Les marques de luxe, de Gucci à Burberry, sont en difficulté alors que les consommateurs asiatiques, autrefois friands de dépenses extravagantes, adoptent désormais une approche plus prudente. Le quartier de Ginza à Tokyo, symbole du luxe, voit ses vitrines se remplir de touristes chinois en quête de bonnes affaires, profitant de la faiblesse du yen pour acquérir des articles à des prix plus compétitifs que ceux pratiqués en Chine continentale, à Hong Kong, ou en Europe.
Une chute des ventes en Asie-Pacifique
Les consommateurs chinois, qui ont été un moteur essentiel de la croissance du luxe ces deux dernières décennies, révisent leurs habitudes de consommation en raison des incertitudes économiques. Les grandes marques ressentent l’impact de cette prudence. Burberry et Gucci, par exemple, ont enregistré des baisses significatives de leurs ventes dans la région Asie-Pacifique, à l’exception notable du Japon. La maison mère de Gucci, Kering, a vu ses actions chuter de 8 % le 22 juillet dernier après avoir annoncé une baisse potentielle de 30 % de son revenu d’exploitation au second semestre de cette année.

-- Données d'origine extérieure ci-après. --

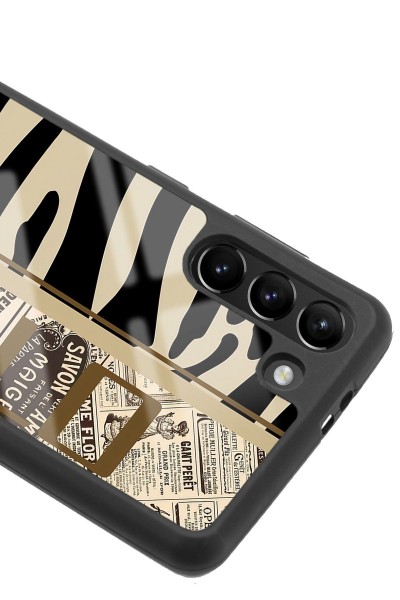 Samsung S-21 Plus Zebra Gazete Tasarımlı Glossy Telefon Kılıfı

Les géants du luxe en difficulté
La valeur de Kering, qui possède également Yves Saint Laurent et Balenciaga, a plongé à 37 milliards d’euros, son plus bas niveau en sept ans. En comparaison, LVMH, qui domine le secteur avec une valeur de 326 milliards d’euros, est lui aussi touché par cette crise. La croissance de ses ventes est en berne, et sa valeur a reculé de 9 % depuis le début de l’année. Malgré tout, LVMH reste confiant, misant sur l’attrait intemporel de ses marques phares comme Louis Vuitton et Dior.
Les marques premium résistent mieux
Les marques les plus prestigieuses, comme Hermès, parviennent à tirer leur épingle du jeu. Hermès a annoncé une augmentation de 13 % de ses ventes au deuxième trimestre de cette année, démontrant que les marques capables de maintenir des prix élevés s’en sortent mieux. En revanche, les petites marques de luxe, comme Burberry, rencontrent davantage de difficultés à s’aligner sur des géants comme Chanel ou Louis Vuitton. Burberry a d’ailleurs récemment remplacé son directeur général dans une tentative de repositionnement stratégique.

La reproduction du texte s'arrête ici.